Exercise brief
Work through the records below and copy every line that includes "trees".

Data for this exercise
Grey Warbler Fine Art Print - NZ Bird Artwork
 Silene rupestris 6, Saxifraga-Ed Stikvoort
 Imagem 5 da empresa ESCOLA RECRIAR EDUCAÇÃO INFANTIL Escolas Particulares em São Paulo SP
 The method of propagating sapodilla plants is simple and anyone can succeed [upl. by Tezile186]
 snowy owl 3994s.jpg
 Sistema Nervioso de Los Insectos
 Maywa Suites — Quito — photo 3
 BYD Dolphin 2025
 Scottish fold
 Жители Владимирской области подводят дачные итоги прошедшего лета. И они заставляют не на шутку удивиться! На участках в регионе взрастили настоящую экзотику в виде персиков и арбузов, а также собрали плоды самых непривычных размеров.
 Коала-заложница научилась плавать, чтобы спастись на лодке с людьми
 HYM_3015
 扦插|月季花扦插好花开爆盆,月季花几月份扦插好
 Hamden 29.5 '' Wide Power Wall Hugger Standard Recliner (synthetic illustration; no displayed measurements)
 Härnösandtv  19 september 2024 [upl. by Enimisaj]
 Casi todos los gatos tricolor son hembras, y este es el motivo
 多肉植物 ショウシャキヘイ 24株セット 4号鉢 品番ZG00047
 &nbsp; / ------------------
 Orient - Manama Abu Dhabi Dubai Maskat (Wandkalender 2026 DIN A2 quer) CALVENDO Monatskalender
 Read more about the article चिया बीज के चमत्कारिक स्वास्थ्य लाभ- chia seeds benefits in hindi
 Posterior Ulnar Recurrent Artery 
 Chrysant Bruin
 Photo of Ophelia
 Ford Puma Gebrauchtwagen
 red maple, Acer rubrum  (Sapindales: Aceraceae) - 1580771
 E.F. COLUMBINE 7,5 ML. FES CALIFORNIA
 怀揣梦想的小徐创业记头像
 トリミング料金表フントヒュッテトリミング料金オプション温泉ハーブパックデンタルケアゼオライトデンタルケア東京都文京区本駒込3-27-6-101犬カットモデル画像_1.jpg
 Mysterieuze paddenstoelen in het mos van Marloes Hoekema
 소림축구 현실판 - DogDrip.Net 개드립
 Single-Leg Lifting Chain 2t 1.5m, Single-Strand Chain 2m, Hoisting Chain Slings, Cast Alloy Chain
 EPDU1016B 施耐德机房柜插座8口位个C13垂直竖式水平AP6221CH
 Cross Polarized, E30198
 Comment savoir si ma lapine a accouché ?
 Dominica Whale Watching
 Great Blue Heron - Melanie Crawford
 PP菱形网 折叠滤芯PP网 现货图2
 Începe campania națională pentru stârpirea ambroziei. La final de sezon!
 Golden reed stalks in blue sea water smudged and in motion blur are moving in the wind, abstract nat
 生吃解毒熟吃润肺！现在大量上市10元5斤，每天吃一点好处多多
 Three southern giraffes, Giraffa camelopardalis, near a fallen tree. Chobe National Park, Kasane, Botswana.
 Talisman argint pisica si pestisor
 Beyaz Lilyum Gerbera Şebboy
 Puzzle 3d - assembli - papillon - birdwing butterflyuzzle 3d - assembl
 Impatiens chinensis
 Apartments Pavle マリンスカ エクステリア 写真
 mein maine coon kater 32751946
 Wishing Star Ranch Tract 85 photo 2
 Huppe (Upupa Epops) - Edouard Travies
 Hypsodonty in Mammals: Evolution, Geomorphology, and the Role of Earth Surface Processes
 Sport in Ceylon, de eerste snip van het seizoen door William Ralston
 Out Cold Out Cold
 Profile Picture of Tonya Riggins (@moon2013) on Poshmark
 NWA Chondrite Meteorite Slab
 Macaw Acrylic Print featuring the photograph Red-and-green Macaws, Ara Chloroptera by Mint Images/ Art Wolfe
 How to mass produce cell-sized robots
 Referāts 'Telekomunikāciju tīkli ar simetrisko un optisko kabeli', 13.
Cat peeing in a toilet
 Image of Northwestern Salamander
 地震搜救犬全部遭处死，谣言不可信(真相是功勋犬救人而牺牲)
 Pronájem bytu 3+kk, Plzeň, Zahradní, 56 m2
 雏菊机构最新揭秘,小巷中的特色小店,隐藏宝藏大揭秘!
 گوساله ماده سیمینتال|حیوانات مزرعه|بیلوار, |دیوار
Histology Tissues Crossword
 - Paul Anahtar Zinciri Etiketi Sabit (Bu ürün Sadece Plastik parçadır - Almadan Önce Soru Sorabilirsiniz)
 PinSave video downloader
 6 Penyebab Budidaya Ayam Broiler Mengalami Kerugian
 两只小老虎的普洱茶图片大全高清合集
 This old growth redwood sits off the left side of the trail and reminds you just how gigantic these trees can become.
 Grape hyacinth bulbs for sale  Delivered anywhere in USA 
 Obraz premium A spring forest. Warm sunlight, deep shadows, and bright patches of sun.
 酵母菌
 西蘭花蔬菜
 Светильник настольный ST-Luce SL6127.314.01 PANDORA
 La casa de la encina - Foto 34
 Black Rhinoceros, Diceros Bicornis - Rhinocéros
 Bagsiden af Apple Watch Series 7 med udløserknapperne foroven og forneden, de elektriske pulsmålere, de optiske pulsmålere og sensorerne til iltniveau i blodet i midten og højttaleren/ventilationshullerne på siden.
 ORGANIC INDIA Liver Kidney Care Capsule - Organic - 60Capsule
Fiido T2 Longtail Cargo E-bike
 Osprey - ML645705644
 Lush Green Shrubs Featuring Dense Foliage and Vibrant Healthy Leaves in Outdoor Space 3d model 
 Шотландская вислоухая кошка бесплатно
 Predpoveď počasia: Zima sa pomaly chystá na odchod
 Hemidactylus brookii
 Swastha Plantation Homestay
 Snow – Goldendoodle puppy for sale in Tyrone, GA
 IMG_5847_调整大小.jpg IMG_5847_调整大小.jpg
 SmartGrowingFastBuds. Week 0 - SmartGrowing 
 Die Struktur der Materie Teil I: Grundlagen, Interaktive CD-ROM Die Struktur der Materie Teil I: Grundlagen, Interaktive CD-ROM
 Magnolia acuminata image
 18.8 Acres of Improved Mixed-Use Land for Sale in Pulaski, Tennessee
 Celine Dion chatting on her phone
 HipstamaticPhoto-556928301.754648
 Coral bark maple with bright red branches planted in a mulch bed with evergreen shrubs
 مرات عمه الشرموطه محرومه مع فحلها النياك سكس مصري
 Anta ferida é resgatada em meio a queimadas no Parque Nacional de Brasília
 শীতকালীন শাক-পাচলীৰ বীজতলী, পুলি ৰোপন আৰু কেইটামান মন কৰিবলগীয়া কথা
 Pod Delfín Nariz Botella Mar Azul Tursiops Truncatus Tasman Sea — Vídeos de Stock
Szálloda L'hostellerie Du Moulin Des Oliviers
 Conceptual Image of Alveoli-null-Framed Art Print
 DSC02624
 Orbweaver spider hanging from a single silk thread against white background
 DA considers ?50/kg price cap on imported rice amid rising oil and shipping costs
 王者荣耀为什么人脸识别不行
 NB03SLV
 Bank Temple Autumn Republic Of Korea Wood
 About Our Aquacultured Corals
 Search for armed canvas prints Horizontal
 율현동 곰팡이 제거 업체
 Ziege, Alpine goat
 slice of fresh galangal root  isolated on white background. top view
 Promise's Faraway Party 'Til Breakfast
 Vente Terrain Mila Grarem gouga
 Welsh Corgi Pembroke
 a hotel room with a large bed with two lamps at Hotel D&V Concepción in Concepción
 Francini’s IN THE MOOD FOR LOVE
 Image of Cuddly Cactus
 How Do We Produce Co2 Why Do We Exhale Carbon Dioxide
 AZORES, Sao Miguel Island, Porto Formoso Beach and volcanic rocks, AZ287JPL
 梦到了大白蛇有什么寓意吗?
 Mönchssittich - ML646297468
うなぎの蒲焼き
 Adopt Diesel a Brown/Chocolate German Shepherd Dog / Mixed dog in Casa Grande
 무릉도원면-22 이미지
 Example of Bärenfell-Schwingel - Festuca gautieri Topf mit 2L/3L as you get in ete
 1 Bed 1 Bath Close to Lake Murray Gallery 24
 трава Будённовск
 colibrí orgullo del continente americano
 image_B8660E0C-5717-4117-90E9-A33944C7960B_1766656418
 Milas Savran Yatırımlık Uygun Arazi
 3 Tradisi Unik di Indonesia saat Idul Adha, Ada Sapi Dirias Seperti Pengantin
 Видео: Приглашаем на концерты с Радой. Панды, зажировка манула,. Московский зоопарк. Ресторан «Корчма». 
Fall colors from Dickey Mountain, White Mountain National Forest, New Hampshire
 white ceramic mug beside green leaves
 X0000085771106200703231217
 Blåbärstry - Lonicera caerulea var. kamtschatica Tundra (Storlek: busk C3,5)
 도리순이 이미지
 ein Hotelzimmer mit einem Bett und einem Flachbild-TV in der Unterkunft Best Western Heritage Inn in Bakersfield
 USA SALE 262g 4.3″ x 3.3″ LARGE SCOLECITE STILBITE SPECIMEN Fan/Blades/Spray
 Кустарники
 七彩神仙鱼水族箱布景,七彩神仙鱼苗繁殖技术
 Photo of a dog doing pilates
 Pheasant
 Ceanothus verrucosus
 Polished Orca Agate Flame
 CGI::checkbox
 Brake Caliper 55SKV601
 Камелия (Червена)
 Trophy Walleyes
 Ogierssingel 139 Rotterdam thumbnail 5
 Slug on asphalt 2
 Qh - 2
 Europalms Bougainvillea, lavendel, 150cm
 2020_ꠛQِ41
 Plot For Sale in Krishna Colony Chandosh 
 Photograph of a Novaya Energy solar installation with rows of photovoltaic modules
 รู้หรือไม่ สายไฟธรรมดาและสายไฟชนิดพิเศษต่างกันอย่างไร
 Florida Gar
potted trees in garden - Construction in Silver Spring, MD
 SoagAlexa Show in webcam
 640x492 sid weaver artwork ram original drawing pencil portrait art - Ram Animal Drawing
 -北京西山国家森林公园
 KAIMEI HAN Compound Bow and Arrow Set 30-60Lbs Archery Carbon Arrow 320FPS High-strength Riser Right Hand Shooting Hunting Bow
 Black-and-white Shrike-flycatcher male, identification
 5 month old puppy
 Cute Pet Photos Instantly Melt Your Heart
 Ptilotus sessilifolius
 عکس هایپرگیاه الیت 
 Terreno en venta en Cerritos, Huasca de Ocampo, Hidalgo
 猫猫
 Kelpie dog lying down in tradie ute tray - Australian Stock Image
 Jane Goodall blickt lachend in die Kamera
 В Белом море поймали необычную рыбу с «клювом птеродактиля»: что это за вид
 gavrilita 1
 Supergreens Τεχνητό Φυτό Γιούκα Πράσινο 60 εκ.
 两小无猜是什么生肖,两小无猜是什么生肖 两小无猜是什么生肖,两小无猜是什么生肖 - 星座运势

Answer section
 This old growth redwood sits off the left side of the trail and reminds you just how gigantic these trees can become.
potted trees in garden - Construction in Silver Spring, MD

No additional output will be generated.